Founders often run into similar questions and curiosities. Below is a log of frequently asked questions addressed by our lawyers, many of whom have been in your shoes.
- Who are the key members of an M&A deal team?
A strong deal team of both company representatives and external advisors is critical to help prepare for, negotiate and execute a successful M&A exit. The team often includes the following individuals with knowledge of the company and its business, the wherewithal to analyze and evaluate deal terms, and the power to make significant decisions: the CEO, the board of directors, other key employees, investment bankers, lawyers, accountants, and other consultants and specialists. For more on M&A deal teams see 3 Key Steps to Prepare for an M&A Exit.
- How can companies expedite the M&A process?
In connection with an M&A exit, potential buyers will want to conduct comprehensive due diligence in order to take a close look at the company. In order to expedite the due diligence process and help build the potential buyer’s confidence in the investment, companies can conduct some pre-M&A exit house-cleaning, which may address corporate governance, the cap table, permits and filings, financial statements, taxes, intellectual property, employees/consultants, and lien and litigation searches. For more on expediting the M&A process see 3 Key Steps to Prepare for an M&A Exit.
- How can a company protect its confidential information in connection with a sale?
A company should enter into a non-disclosure agreement (NDA) with the potential buyers in order to secure the company’s confidential information during a sale process. However, the NDAs companies use for day-to-day purposes are typically insufficient for a potential sale. In particular, a company should confirm that an NDA contains the following terms before commencing the sale process:
- Scope
- Usage
- Access
- Permitted disclosure
- Non-solicitation
- Treatment of confidential information
- Duration
- Remedy
For more on NDAs during a sale process see How to Protect Confidential Information in Connection With a Sale.
- What are the primary objectives of an IPO due diligence review?

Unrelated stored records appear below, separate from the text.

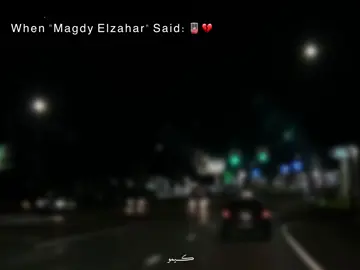 بس كان كلام ..!❤️‍🩹#kemo_mo6 #CapCut #مجدي_الزهار @مجدي الزهار🎤🎧 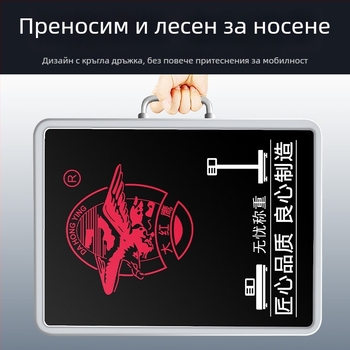 Безжична преносима търговска електронна везна с капацитет 300 кг, ръчна, с разделяща се компактна платформа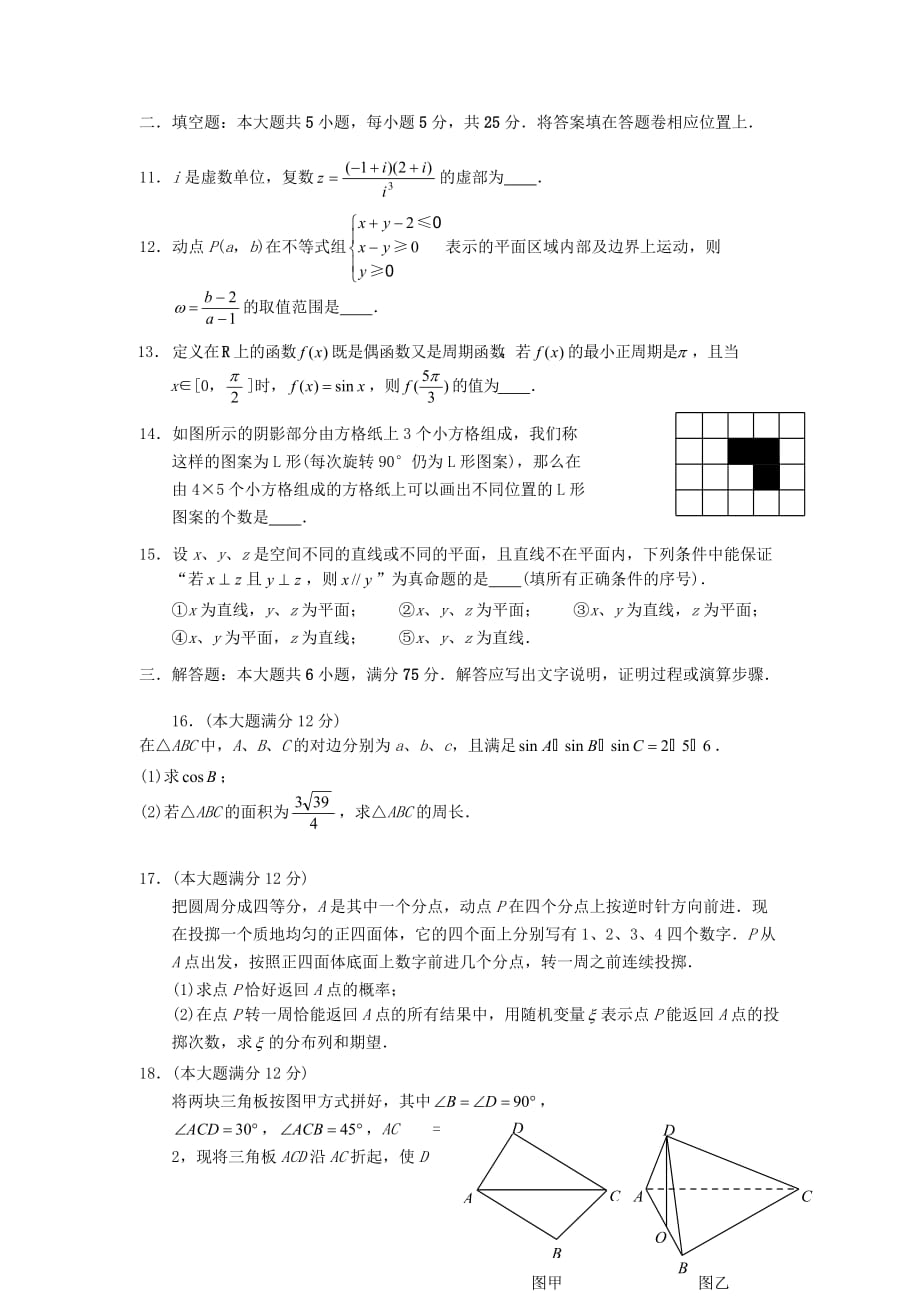 湖北部分重点中学09届高三数学第四次模拟考试（理）_第3页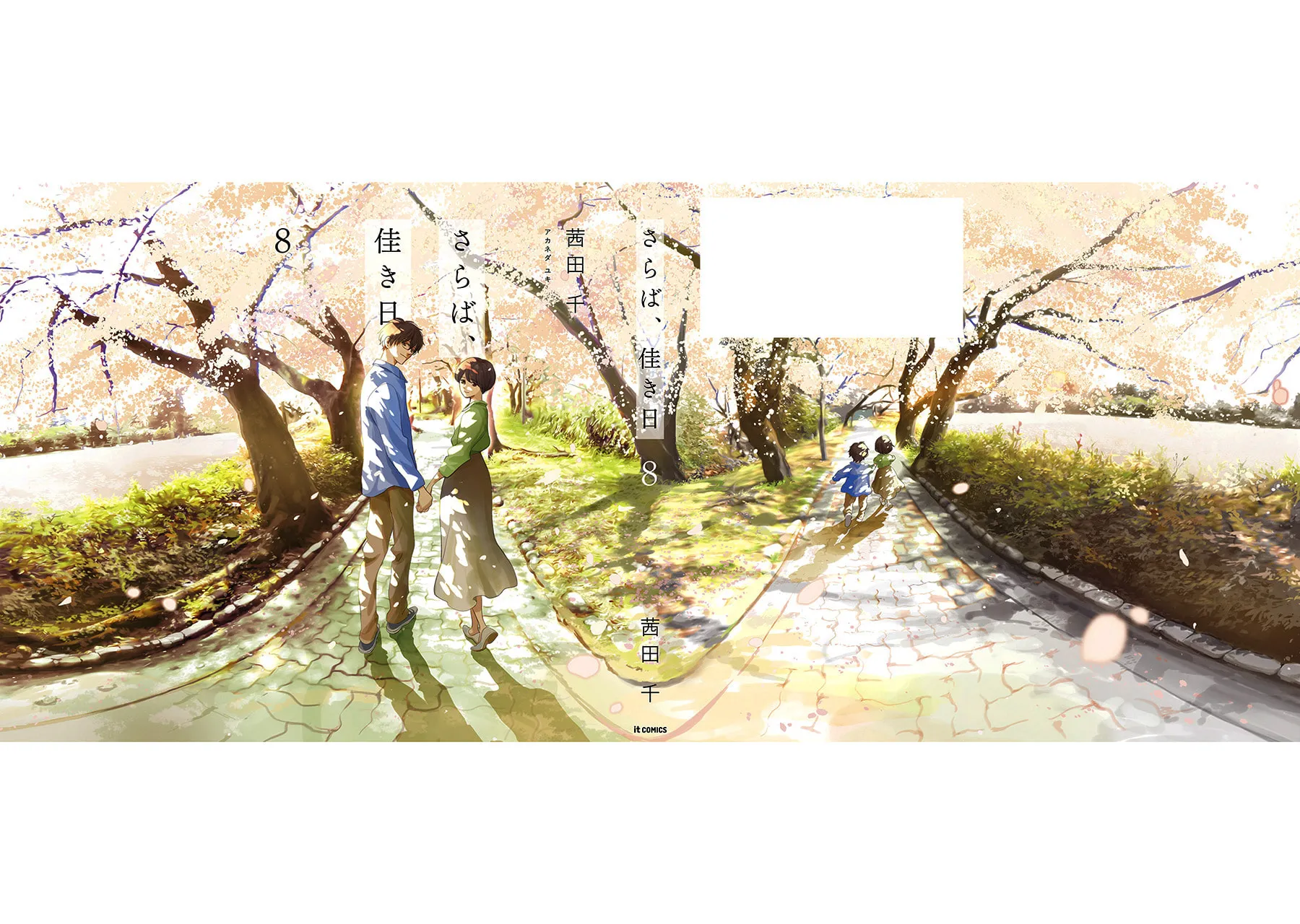 Read Saraba, Yoki Hi chapter 33.5 image 18 on Lezhin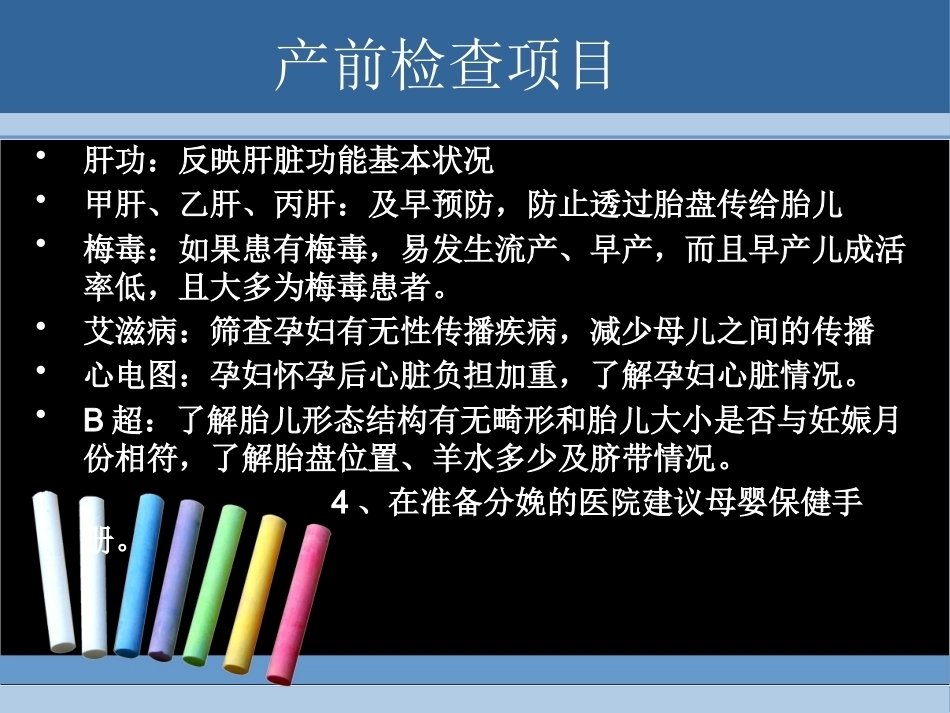 高危妊娠的识别与转诊_第10页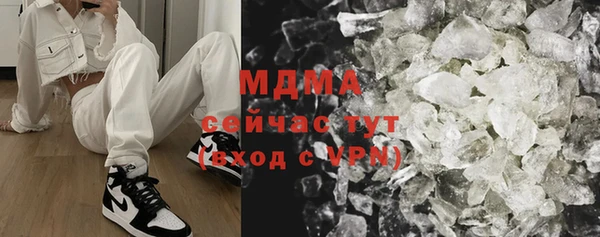 бошки Баксан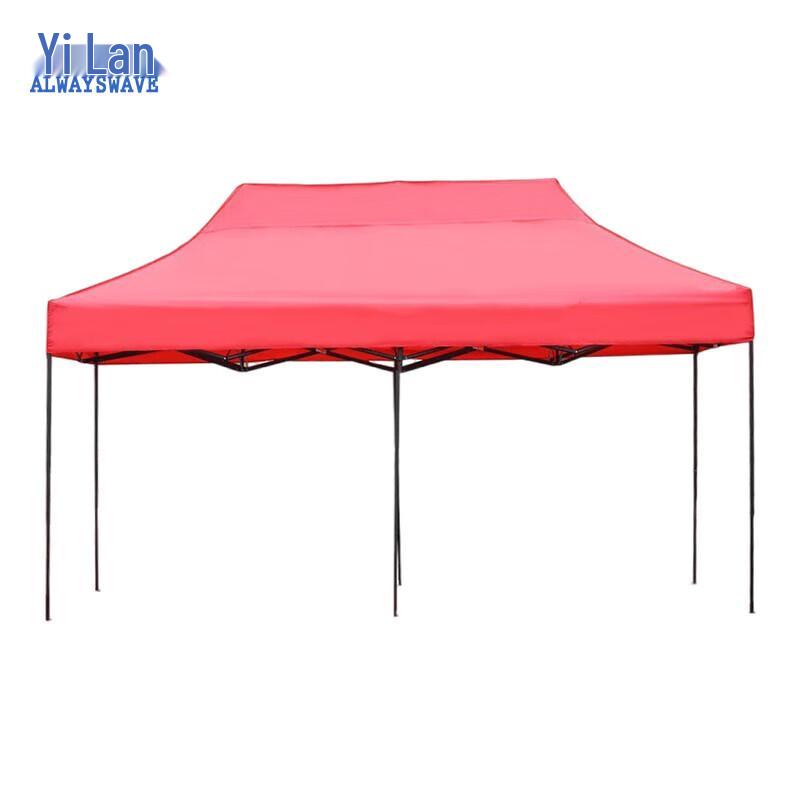 Yilan Folding Sunshade Rain Awning Tent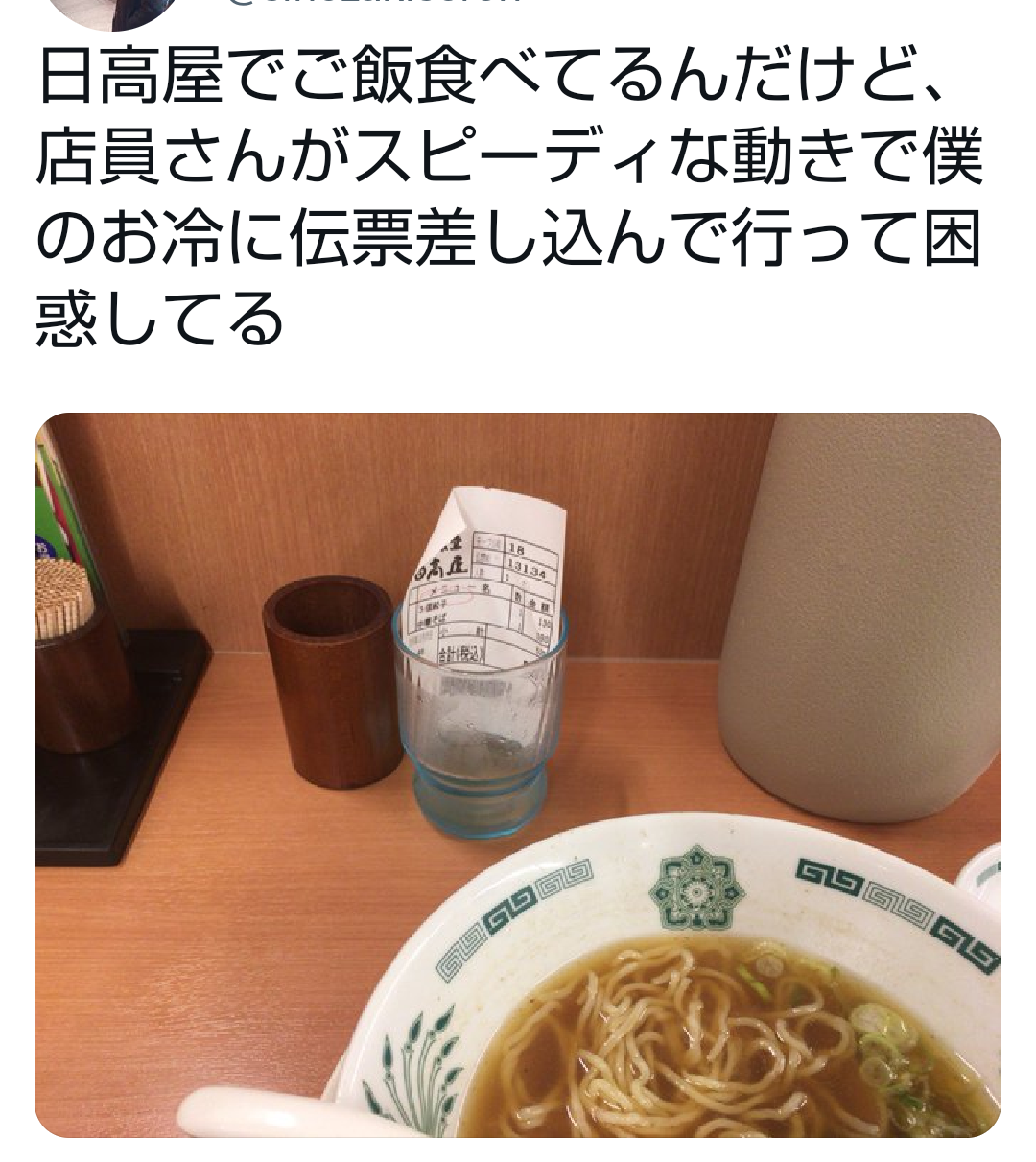 Twitterでバズった人気の投稿Part8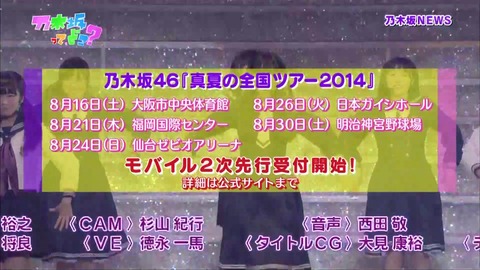vlcsnap-2020-06-30-15h50m07s963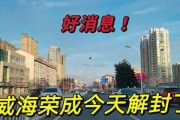 威海爆料最新消息今天,突发事件引发关注，详情即将揭晓！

There are two primary objectives to an IPO due diligence review. The first objective is to aid the company, its underwriters and their respective counsel in drafting the registration statement and prospectus by: 1) providing information which securities law requires be disclosed or that may be of importance to investors; 2) verifying the accuracy of such information; and 3) minimizing potential liability (or criminal sanctions) for the offering participants in case of material misstatements or omissions in the offering documents. The second objective is to identify any issues the company needs to address, including, for example, any necessary changes to ownership structures, shareholder agreements, employment arrangements and the like. For more on IPO due diligence reviews see How to Prepare for IPO Due Diligence.
- When is IPO due diligence conducted?
Companies conduct the bulk of the due diligence work prior to the first confidential submission or filing of the registration statement, and updates follow through the closing of the IPO. Typically, the most labor-intensive part of the due diligence process for company management is collecting and assembling the relevant materials in response to the due diligence request list and back-up requests. In order to streamline this process, a company often will make many of these materials available to the project team in an electronic data room. For more on IPO due diligence preparation see How to Prepare for IPO Due Diligence.
- Why does a company consider commencing an IPO?
There are a number of good reasons for a company to consider an IPO. Public companies and their shareholders can:
- Monetize an equity interest in the company at the rich price-to-earnings multiples that are typically available only in the public markets
- Cash-in a portion of the owner’s or founder’s equity without giving up control completely
- Access public equity markets for future capital raising
- Provide key employees and directors with an opportunity to share in the upside of the enterprise through stock-based compensation, thereby improving recruitment
- Issue public equity either directly to the sellers or to the public to raise the funds for a cash purchase
For more on reasons to commence an IPO see What You Should Know Going into the IPO Market.
- How long does the IPO process generally take?
The IPO process generally spans many months and is often broken down into the pre-filing period, the pre-effective publicity period and the post-effective period. For a general timeline associated with an IPO for an emerging growth company see Consider Going Public.
- What is an acqui-hire?
An acqui-hire (also known as an acquihire or acq-hire) is when one company acquires another for the primary purpose of obtaining access to the acquired company’s key employees. From a legal perspective, the transaction is still an acquisition and can be structured in the usual ways as a stock purchase, an asset purchase or a merger. Because the most valuable part of an acqui-hire transaction is the key employees, the terms of employment are likely to be a main focus of the negotiations. For more on acqui-hires see What is an Acqui-Hire.